Friday, September 5, 2014

The IoT & The Holy Grail


The Knights and Their Quest

"(The IoT) means different things to different people and it means nothing to a lot of people." - Steve Mollenkopf, CEO of Qualcomm

There are quite a few companies jumping onto the IoT bandwagon, eagerly charging forward in the hope of establishing themselves on the leading edge of the Next Big Thing. How they are approaching this new opportunity depends on a variety of factors internal to each aspiring participant - their own individual strengths, preconceptions, wishes and ambitions crafting their particular viewpoints on how the market will grow & take shape and what their individual roles in that market will be.

The older, established firms mostly see a replay of the growth and excitement of the 1990's, when the DotCom bubble drove the expansion of enterprise and carrier networking companies and their chip & software suppliers. Today, you see Intel anticipating higher demand for new CPUs and SoCs optimized for mobile computing, Cisco touting its enterprise networking offerings to accommodate rising demand on wired infrastructure and HP positioning itself as a supplier of security solutions for personal and corporate wireless traffic. In short, the established players are mostly hoping to sell much more of what they have or moderate enhancements of the same offerings. One can see it clearly in their current marketing and promotional efforts, where existing product lines and solutions are repackaged as IoT offerings and company forecasts anticipate more IoT devices being deployed in the next several years than there are stars in the Milky Way.

Then there are those who are exploring the fledgling market space with new electronic products that perform various computational functions and are being advertised as IoT products. These are today's Knights of the Round Table in High Technology - venturing forth on their quest to discover the next 'killer app' that will reshape the contours of the world. Let's take a look at a few of the latest offerings trumpeted as IoT products just to get a flavor of what's common out there.

First, an example from Garmin:

Garmin is already widely known and respected for its GPS devices (up to a point - I have quite a few gripes about my model), so the IoT is a natural progression for them. Without question the above product would be of interest to well-heeled hunters. This is not exactly the kind of handheld computing product that is likely to garner sales in the 100's of millions of units, but per its reviews, it seems to perform the task for which it was designed rather well. However, despite its admirable line of sight broadcast range and use of GPS mapping, this product can't really be categorized as an IoT device, as its interaction with the internet is at best tangential to its function. 

Next, an example from consumer electronics powerhouse Samsung:


I'm an admirer of this company and am certain that they will be a formidable global power on the technology landscape in the 21st century.
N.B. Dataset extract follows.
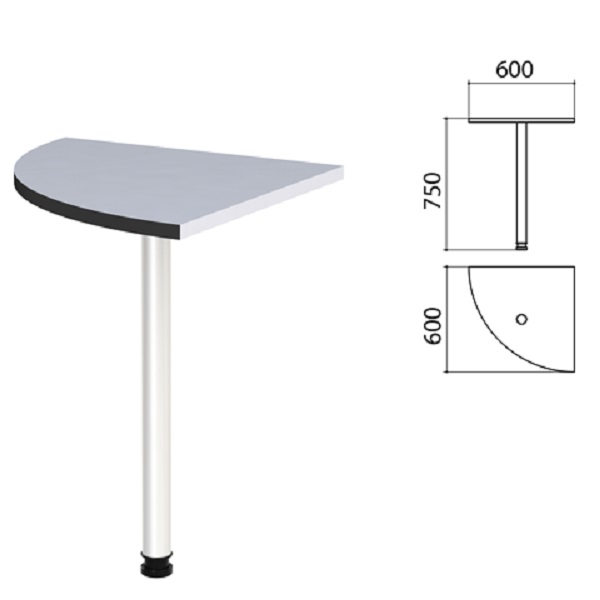 Стол приставной угловой 604*604*756 мм, серый, Монолит КМ56.11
The device provides functions for fitness-conscious users, serves as a small PMP, has a built-in camera and can receive text, email and phone notifications. Notably, however, it's last set of capabilities depends on having a linked smartphone within Bluetooth range. 

It's clear that the design has fans, and undoubtedly Samsung did their best to make a quality product. But this isn't a "Dick Tracy" watch. It is, in reality, a smartphone accessory - not a genuine IoT device.

The next link is a motherload of products that are being promoted as IoT devices for the home, health & fitness, municipalities, the enterprise, and various whimsical applications:

A couple of observations can be readily deduced concerning this selection: 
1. All the smart home products consist of remote sensors that connect first with some sort of hub or controller which can then be accessed thru a smartphone. 
2. For the wearables, a smartphone in Bluetooth range is required. Much of the same can be said for the municipal applications - they need user proximity to be active. 
3.The industrial applications cover both proximity interactions as well as sensors feeding into a central hub for data input, collation, analysis, evaluation and control.

A particularly aggravating aspect of studying and analyzing this developing market is the abundance of products advertised as being part of the IoT which don't really qualify as such. Clearly I'm not alone in this sense of frustration, as evidenced by the quote from Qualcomm's CEO at the beginning of this editorial. 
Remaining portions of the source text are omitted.